Exercise
Only the text of the records belongs in the answer, copied exactly and without pictures.
──────────────────────────────
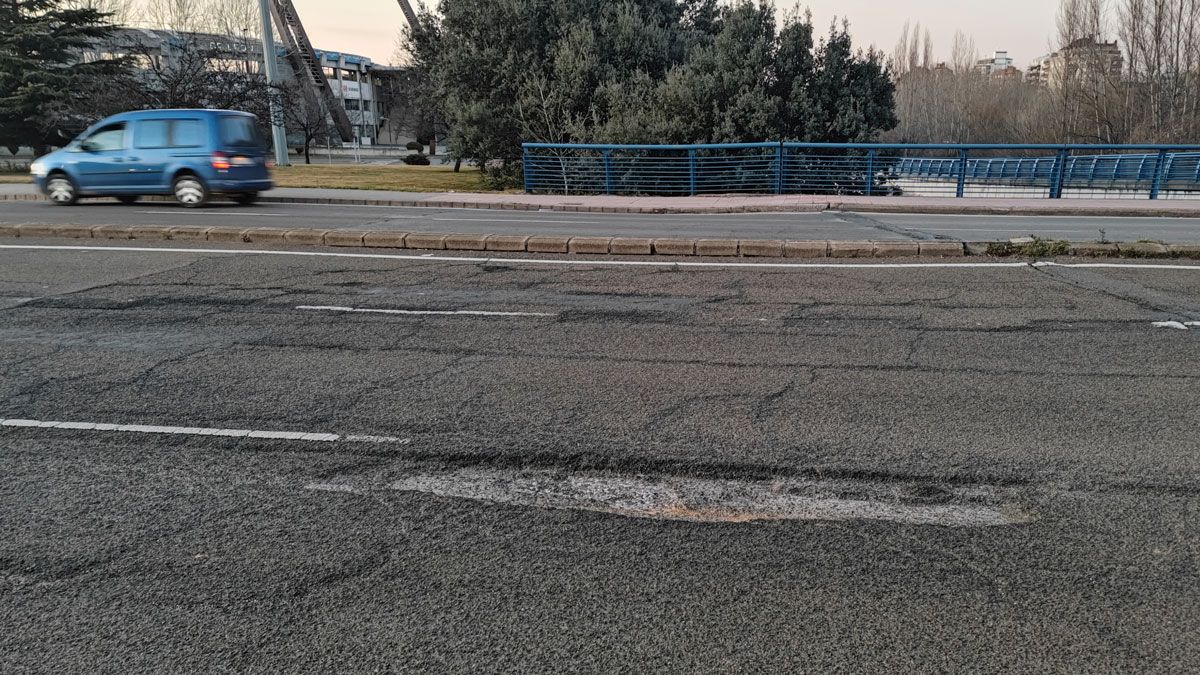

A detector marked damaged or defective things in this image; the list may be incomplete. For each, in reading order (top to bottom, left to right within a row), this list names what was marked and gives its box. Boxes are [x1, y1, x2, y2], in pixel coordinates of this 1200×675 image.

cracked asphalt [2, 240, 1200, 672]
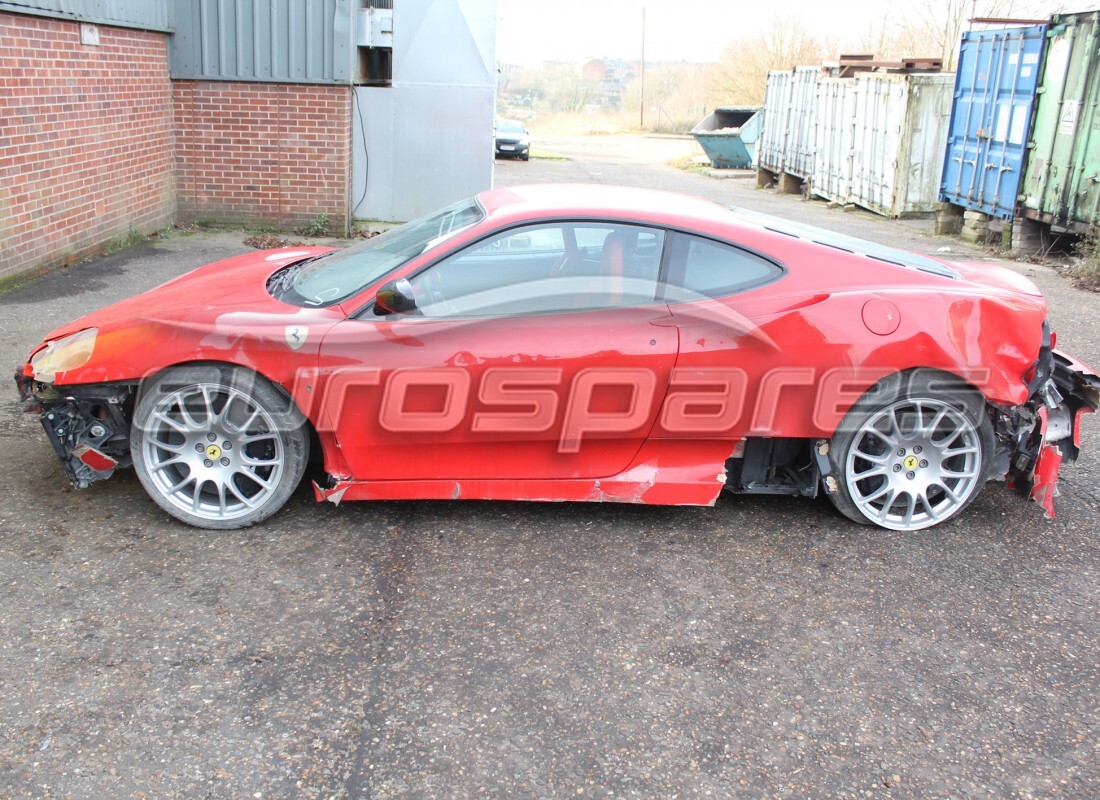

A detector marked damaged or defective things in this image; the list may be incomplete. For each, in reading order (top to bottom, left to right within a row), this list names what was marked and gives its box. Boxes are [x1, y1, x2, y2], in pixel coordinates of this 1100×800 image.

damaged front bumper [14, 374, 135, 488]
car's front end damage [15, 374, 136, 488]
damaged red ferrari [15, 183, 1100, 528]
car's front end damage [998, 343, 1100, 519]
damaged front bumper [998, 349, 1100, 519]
──────────────────────────────
Result for this exercise
A detector marked damaged or defective things in this image; the list may be incomplete. For each, in reading order (top to bottom, left to right within a row), this list names what was marked and gives its box. Boxes are [x1, y1, x2, y2], in pixel coordinates of this 1200×675 image.

cracked asphalt [2, 240, 1200, 672]

A detector marked damaged or defective things in this image; the list may be incomplete. For each, in reading order (top to bottom, left to right within a row), this list names what was marked and gives its box. Boxes are [x1, y1, x2, y2], in pixel coordinates of this 1100×800 image.

damaged front bumper [14, 374, 135, 488]
car's front end damage [15, 374, 136, 488]
damaged red ferrari [15, 183, 1100, 528]
car's front end damage [998, 343, 1100, 519]
damaged front bumper [998, 349, 1100, 519]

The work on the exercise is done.